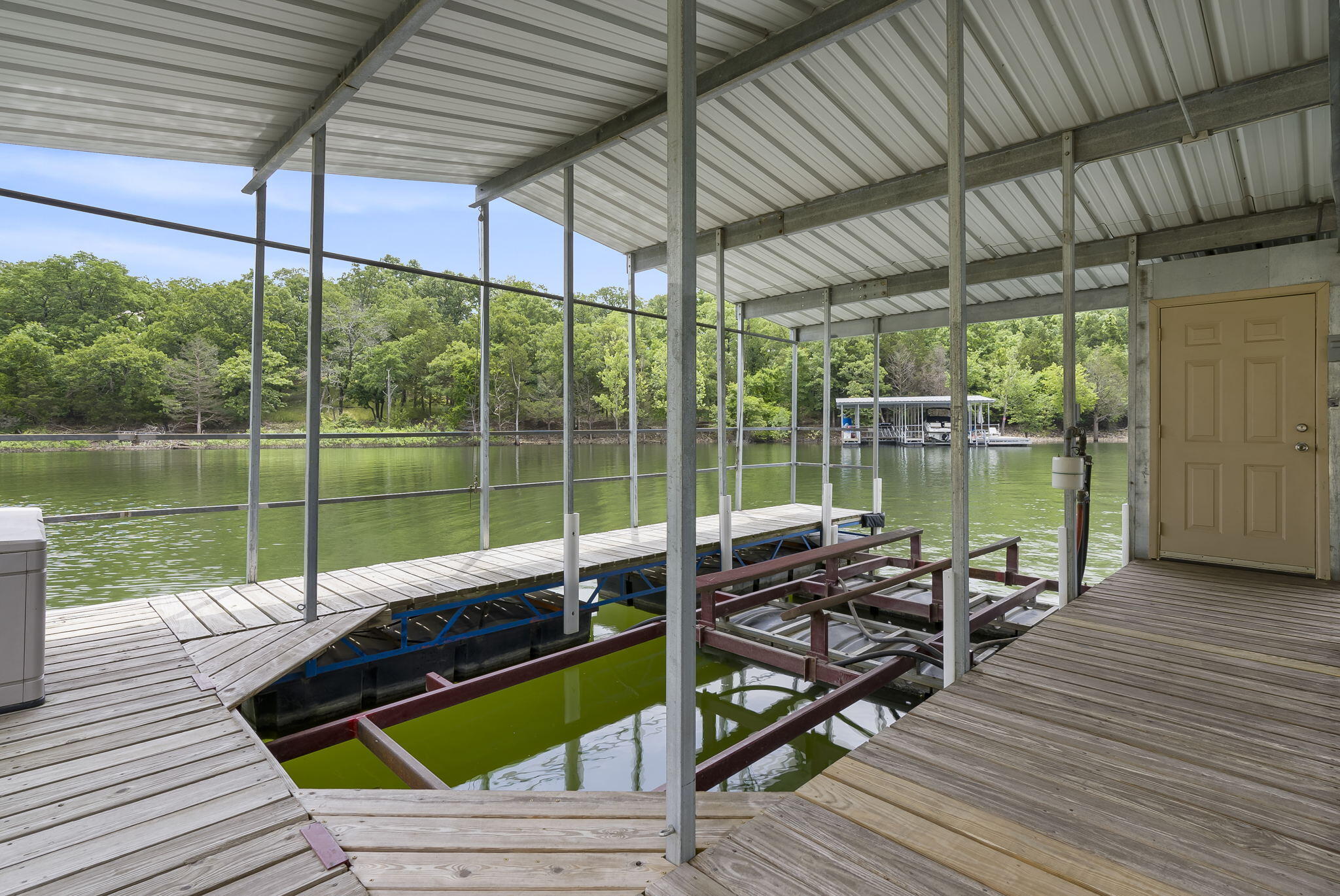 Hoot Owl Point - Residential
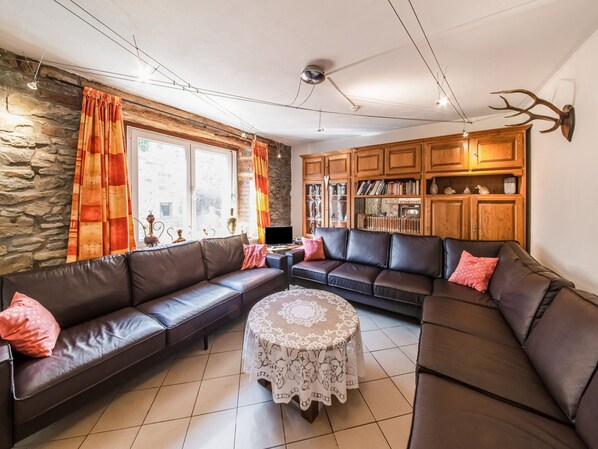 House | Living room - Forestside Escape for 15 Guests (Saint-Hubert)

#####

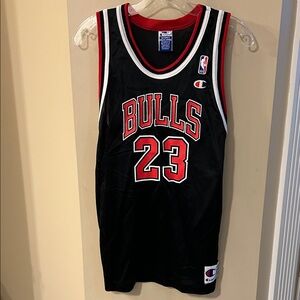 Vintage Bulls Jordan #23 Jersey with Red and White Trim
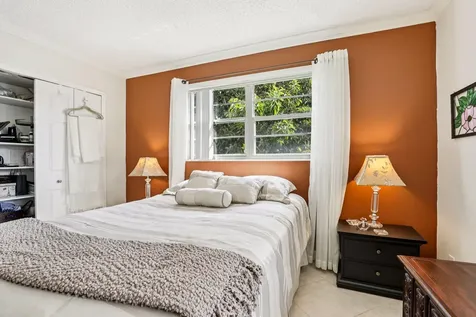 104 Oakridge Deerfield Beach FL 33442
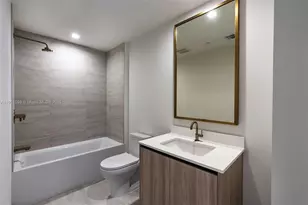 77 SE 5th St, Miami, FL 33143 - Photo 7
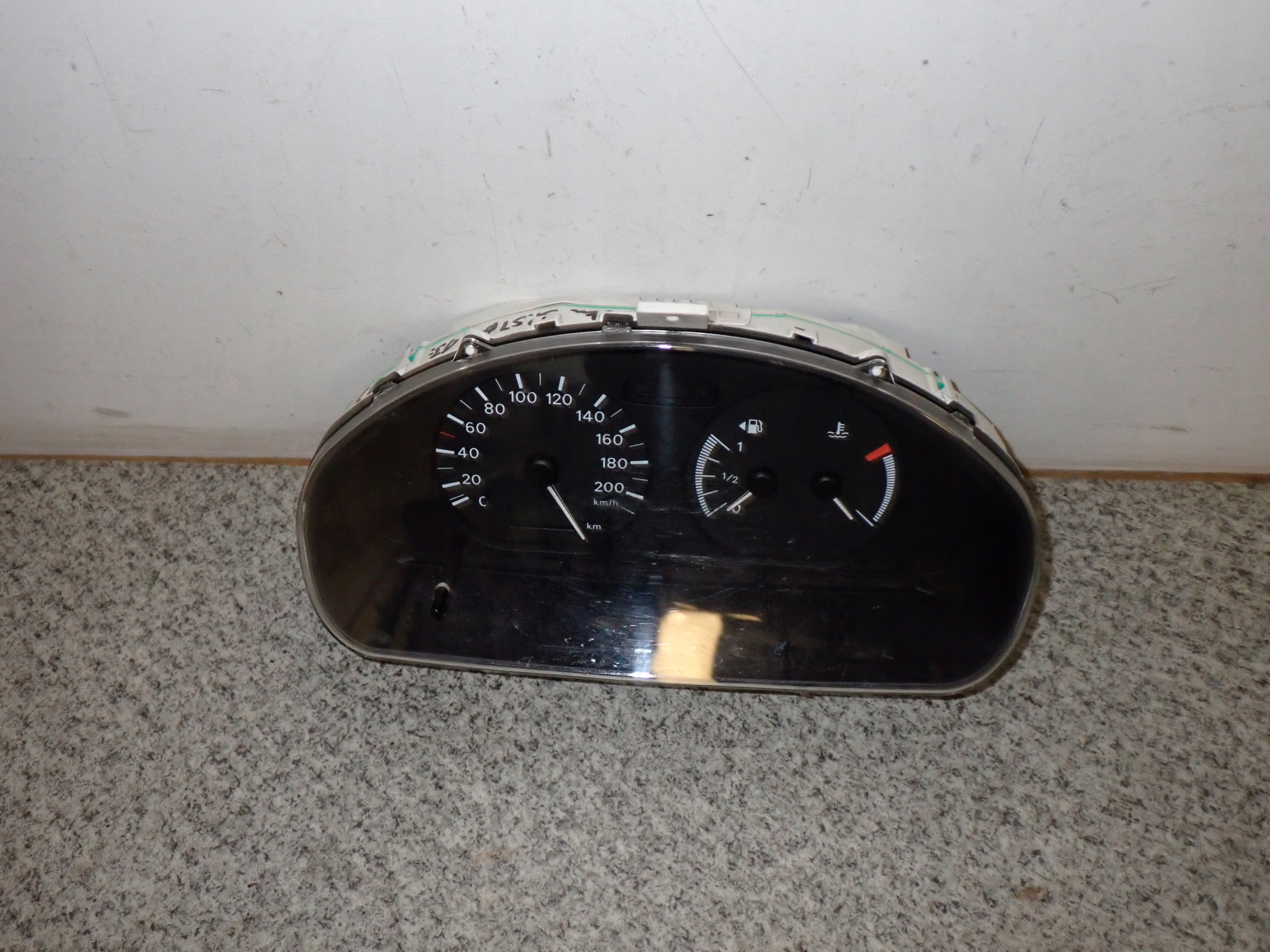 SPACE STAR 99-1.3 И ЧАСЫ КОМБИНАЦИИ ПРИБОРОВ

#####

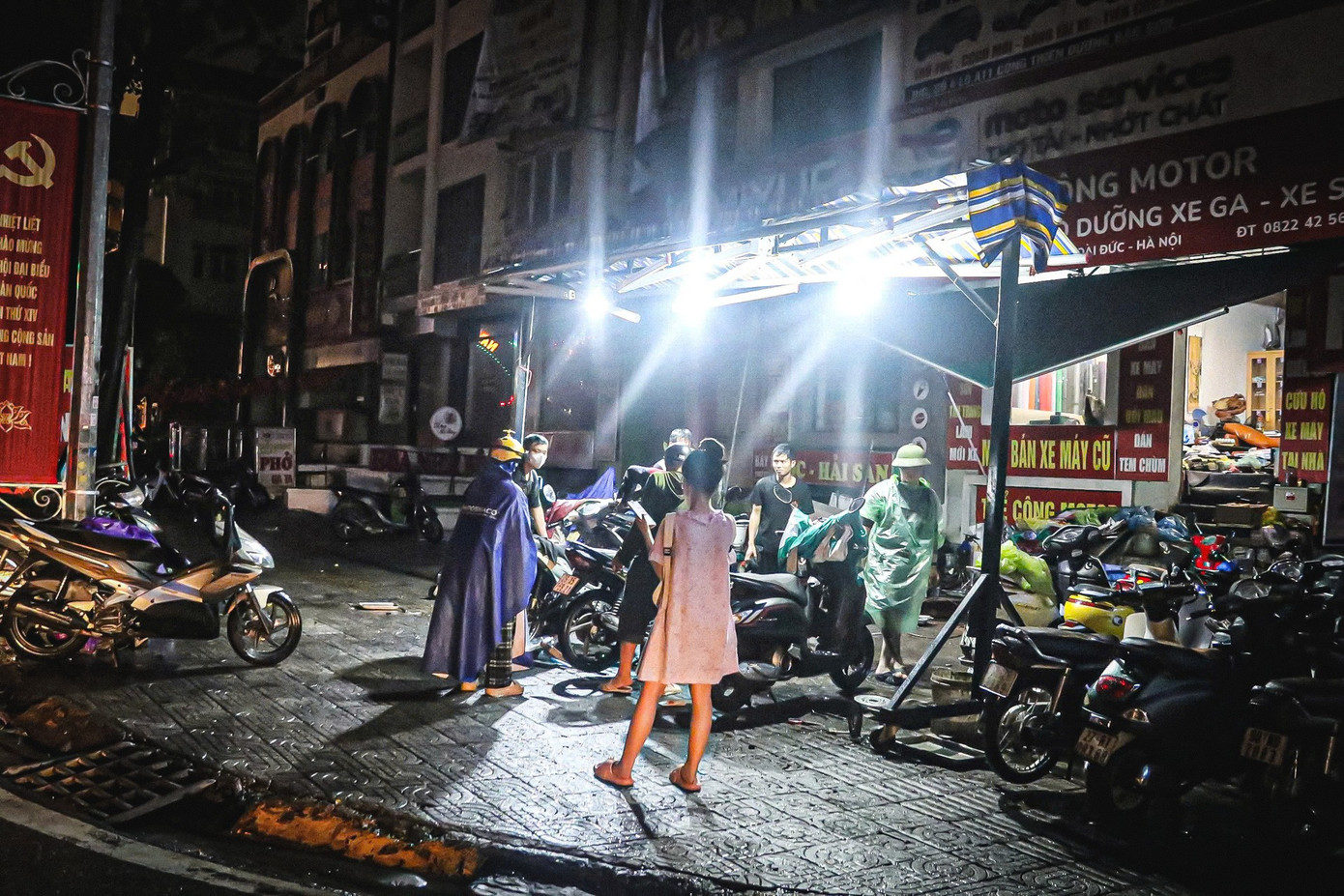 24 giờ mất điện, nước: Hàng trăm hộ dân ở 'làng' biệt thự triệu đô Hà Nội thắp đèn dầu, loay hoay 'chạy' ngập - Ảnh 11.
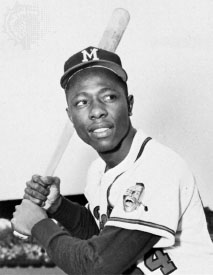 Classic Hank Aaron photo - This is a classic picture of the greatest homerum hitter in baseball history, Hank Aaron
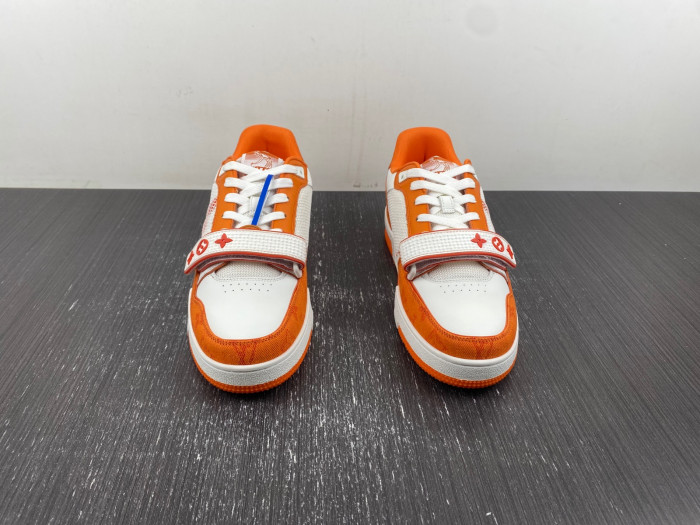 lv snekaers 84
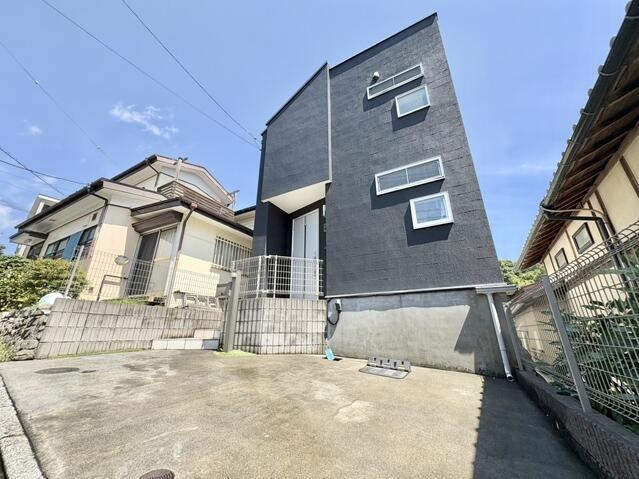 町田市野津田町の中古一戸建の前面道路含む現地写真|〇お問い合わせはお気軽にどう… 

#####

Return exactly the stretch above whose first line contains "lv snekaers 84" and whose last line contains "町田市野津田町の中古一戸建の", and nothing outside it. The pictures should not appear.

* ANSWER SECTION
 lv snekaers 84
 町田市野津田町の中古一戸建の前面道路含む現地写真|〇お問い合わせはお気軽にどう… 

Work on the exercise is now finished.